↓
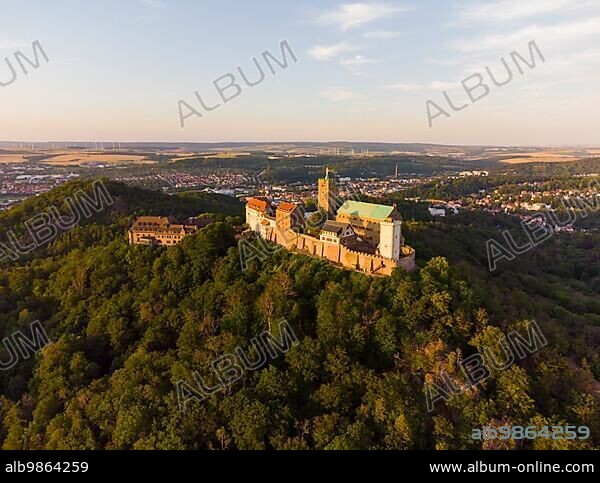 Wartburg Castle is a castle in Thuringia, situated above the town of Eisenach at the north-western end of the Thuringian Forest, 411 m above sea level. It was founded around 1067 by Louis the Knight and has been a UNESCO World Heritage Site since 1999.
↑
↓
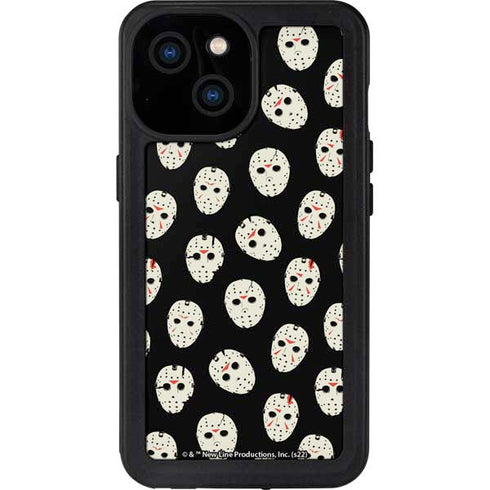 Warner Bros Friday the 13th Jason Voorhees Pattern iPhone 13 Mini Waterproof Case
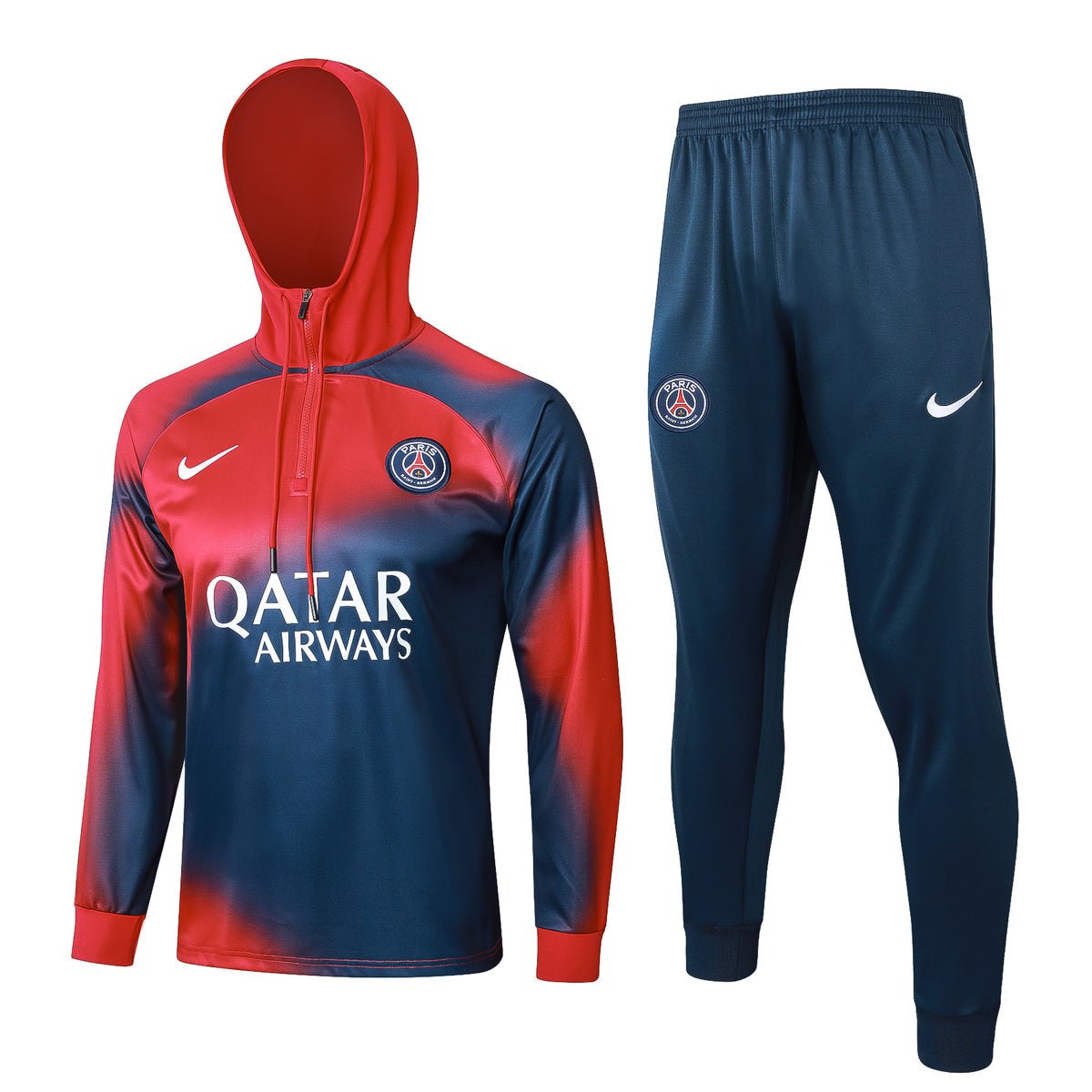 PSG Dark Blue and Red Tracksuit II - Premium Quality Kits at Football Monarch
↑
- WHAT THE TASK ASKS: If a picture sits between the line containing "Warner Bros Friday" and the line containing "PSG Dark Blue", leave it out, and return the lines of that range above exactly, both ends included.

- TASK RESULT:
 Warner Bros Friday the 13th Jason Voorhees Pattern iPhone 13 Mini Waterproof Case
 PSG Dark Blue and Red Tracksuit II - Premium Quality Kits at Football Monarch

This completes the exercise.